• The task: Please set down, unchanged, each line from the one with "Lily Shirring Long Dress (Light Green)" to the final line of the data below, both included. Drop the pictures.

Saved entries:
⁂
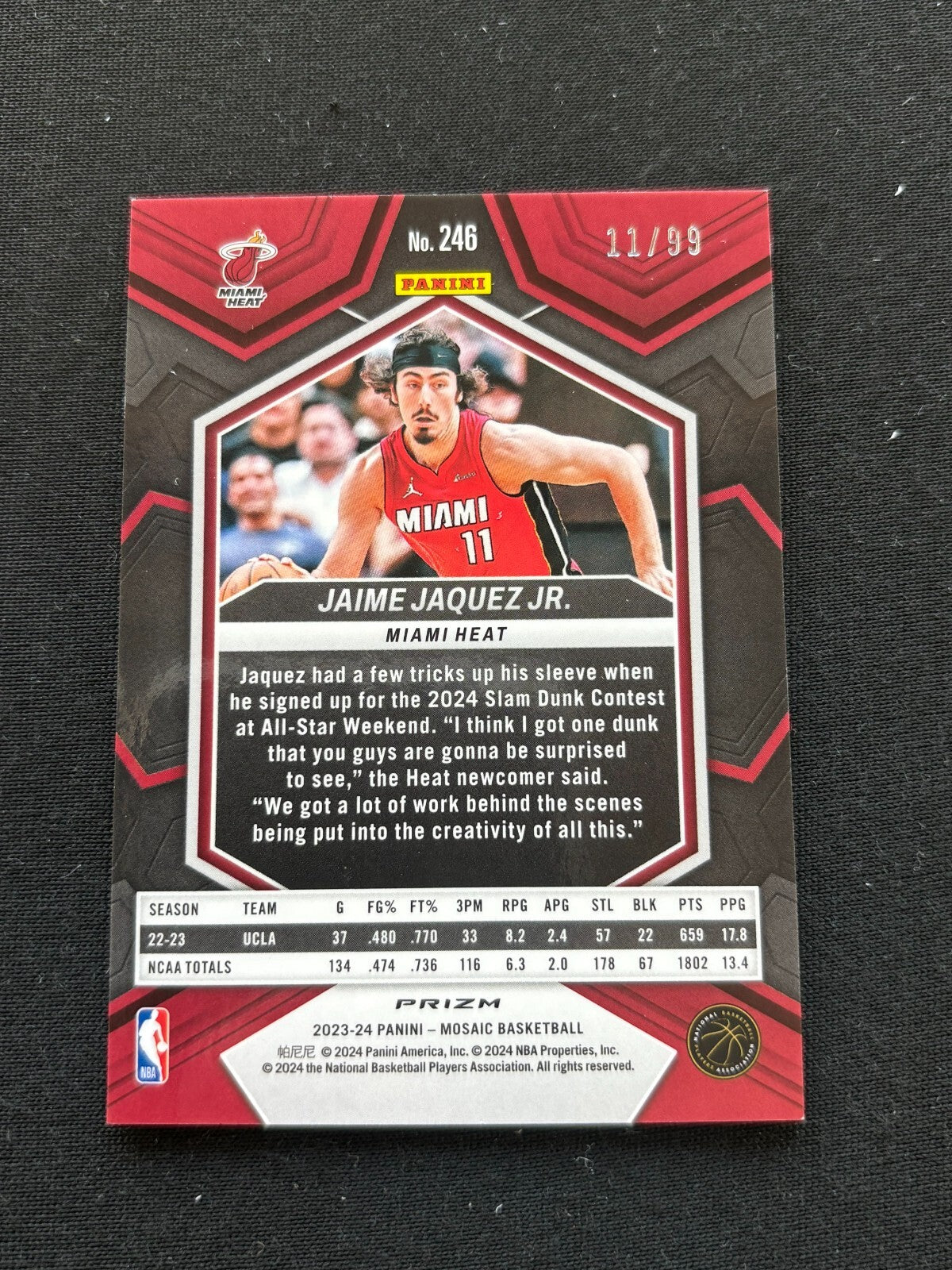 Jaime Jaquez Jr. 2023-24 Mosaic JERSEY NUMBER Purple RC Rookie Miami Heat 11/99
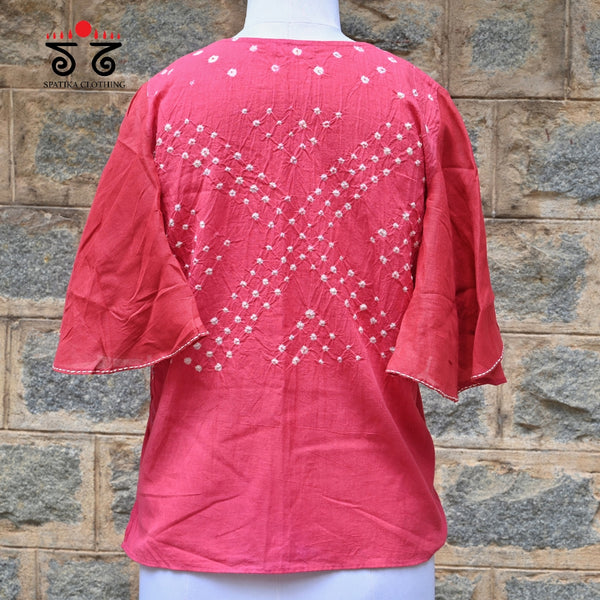 Hand - Embroidered Bandhani Top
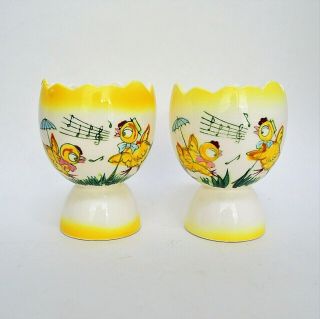 2 Vintage Double Egg Cups Singing Chicks Music Notes Sawtooth Rim Yellow Ceramic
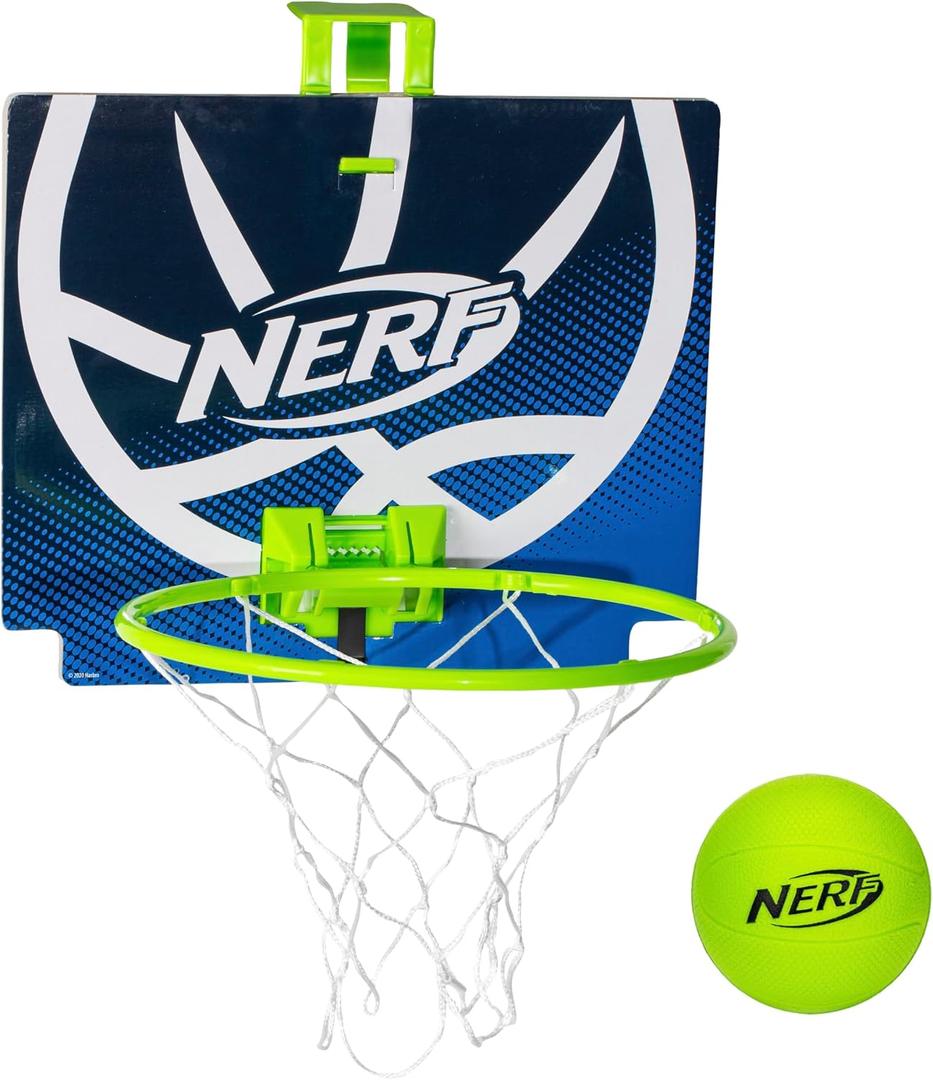 Nerf Mini Over the Door Basketball Hoop - Nerfoop Indoor Basketball Hoop for Kids - Toy Door Basketball Hoop + Mini Foam Basketball Game Set - Perfect for Bedroom Indoor Basketball - Green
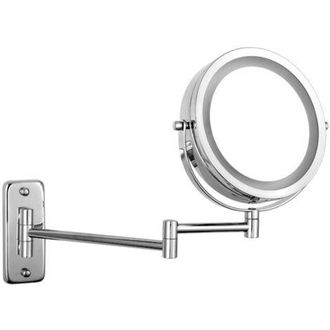 Gabrielle Espejo De Maquillaje Led De Pared Con Rotaci&oacute;n De 360&deg; Y Doble Cara, Con Correa Plegable Y Luz Led T&aacute;ctil Inteligente Regulable, Ideal Para Ba&ntilde;os Y Do
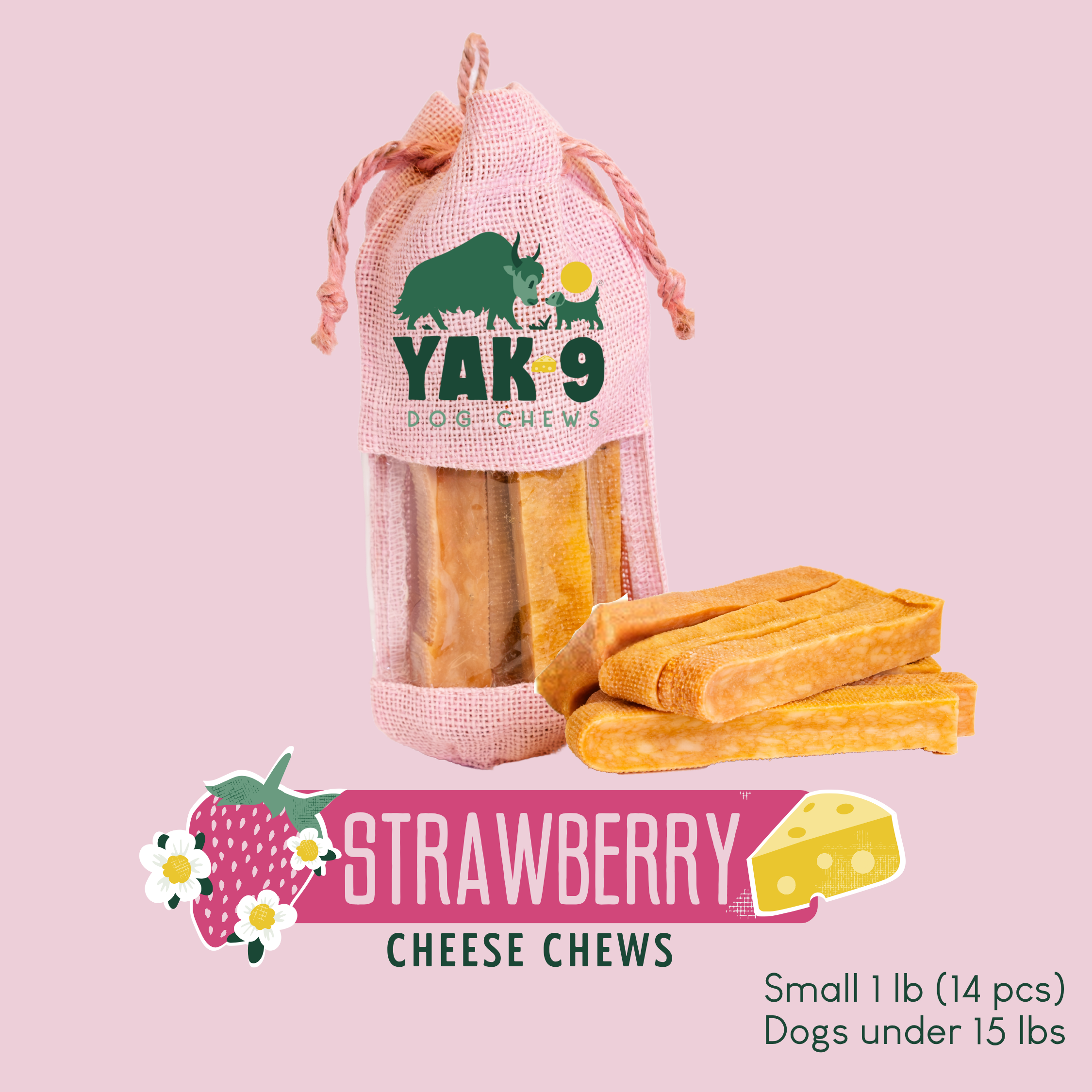 Strawberry Cheese Chews for Dogs - Elite Pet Collective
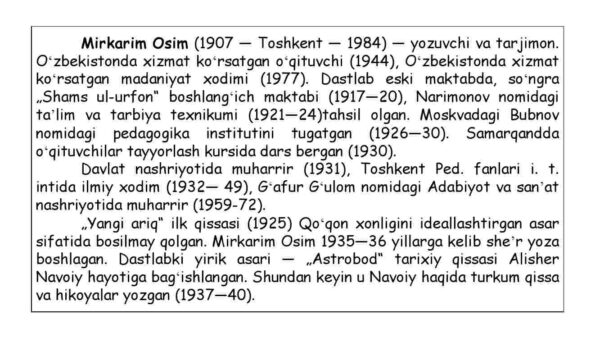 Mirkarim Osim. Hayoti va ijodi. To'maris - Image 3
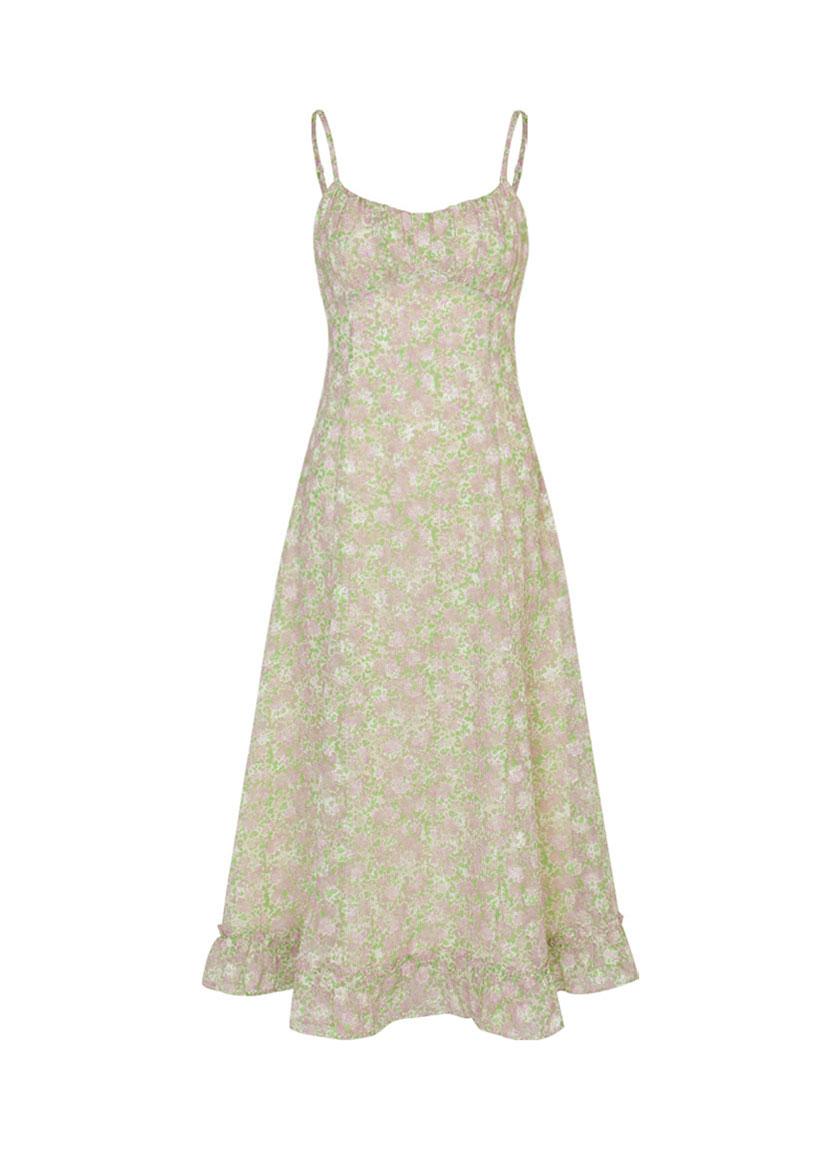 Lily Shirring Long Dress (Light Green)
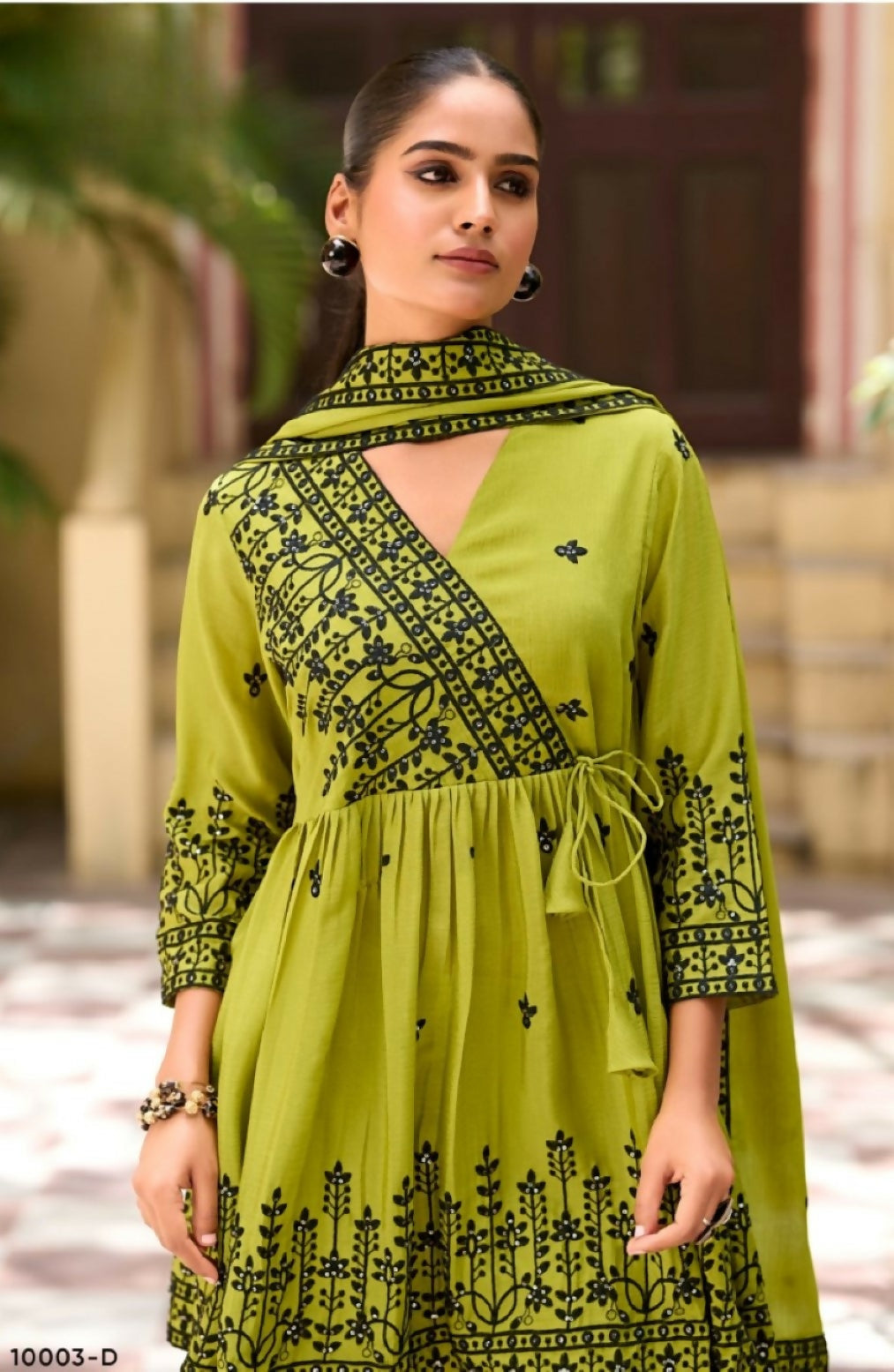 Anaita Mehendi Chinon Readymade Sharara Suit with Embroidery Work | Grocsy
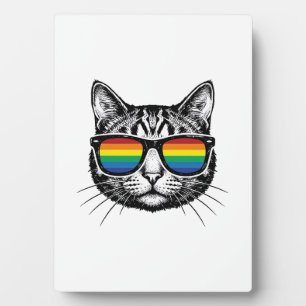 Plaque Photo Lunettes de soleil arc-en-ciel vintage Chat Fierté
⁂
• Output for this task:
 Lily Shirring Long Dress (Light Green)
 Anaita Mehendi Chinon Readymade Sharara Suit with Embroidery Work | Grocsy
 Plaque Photo Lunettes de soleil arc-en-ciel vintage Chat Fierté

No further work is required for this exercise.